Chairman of the Work and Pensions select committee, Frank Field, has criticised the government’s auto-enrolment review, saying that it lacks boldness.
The Department for Work and Pensions (DWP) announced yesterday (18 December) that is making changes to the age for auto-enrolment of workers into workplace pension schemes from 22 to 18-years-old, and changing the way pension contributions are calculated.
A solution to include self-employed workers in workplace pensions, however, was postponed, since the government wants to test possible solutions and legislate on this by 2022.
Mr Field said: “Auto-enrolment was a bold leap by the government which has been hugely successful in getting millions of people to start saving in pensions.
“But this review shows none of that boldness in announcing a few minor tweaks and tentative pilot schemes.”
Introduced in 2012, auto-enrolment has now reached nine million people, with opt-out rates of less than 10 per cent.
Mr Field added: “The analysis accompanying the report shows 12m people are under-saving for retirement, including a growing army of the self-employed.
“It is time for the Government to revert to bold type in building on its past successes.”
According to David Gauke, secretary of state for work and pensions, the current “government has rebuilt the UK’s savings culture”.
He said: “For an entire generation of people, workplace pension saving is the new normal. And my mission now is to make sure the next generation of younger workers have the same opportunities.”
According to the auto-enrolment report, the under-savers represent 38 per cent of the working age population.
The DWP said, however, that taking account the planned increases in auto-enrolment contribution rates, some 5.7m are ‘mild under-savers’.
It added: “If automatic enrolment had not been introduced, an additional 2m individuals would now be under-saving.”
Currently the auto-enrolment minimum total contribution is 2 per cent - 1 per cent each from the employee and employer.
From April 2018, the minimum total contribution will increase to 5 per cent, with the employee paying 3 per cent.
One year later, it will increase again to 8 per cent, with the worker paying 5 per cent.
Looking at under-saving by income level, the vast majority of those individuals - around 10.4m (87 per cent) - earn more than £25,000 a year. Around 1.6m (13 per cent) earn below £25,000 a year.

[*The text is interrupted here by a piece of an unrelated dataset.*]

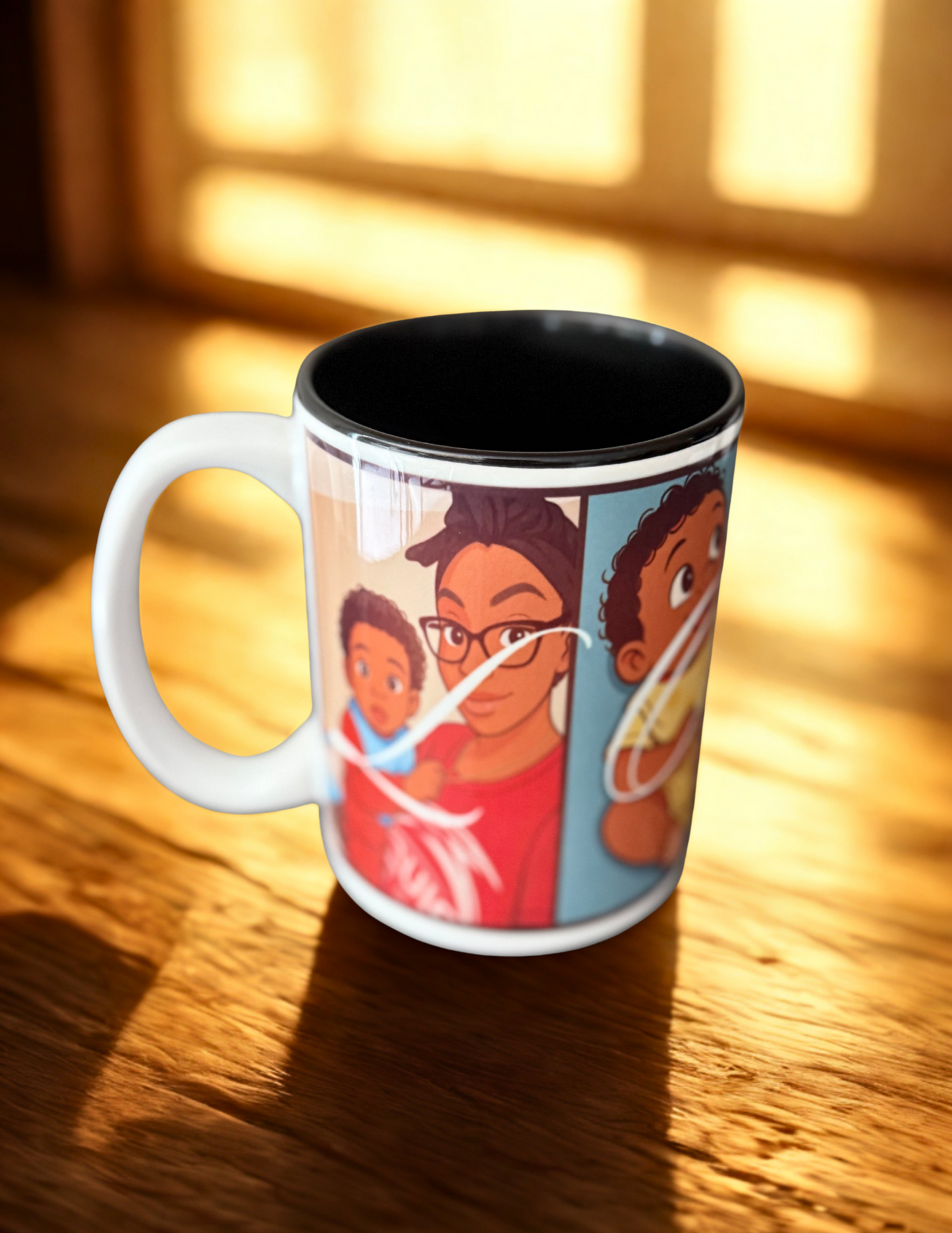 One Mug. Four Memories. All Love. – Custom Cartoon Mug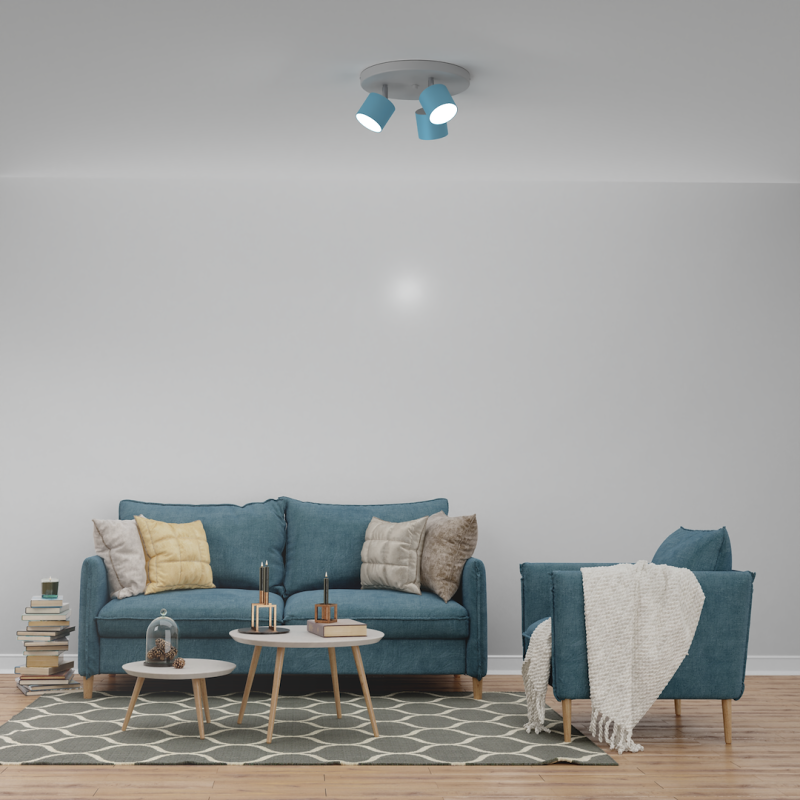 DIXIE Ceiling Lamp 3xGX53 Blue/White DIXIE Ceiling Lamp 3xGX53 Blue/White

In its own report on auto-enrolment, published in May 2016, the Work and Pensions select committee considered the government’s review to be an ideal opportunity for the DWP to consider how to build on the policy success.
It said: “The review should consider how to increase contributions beyond the statutory minimum of 8 per cent and how to bring more low-paid and self-employed people into auto-enrolment.”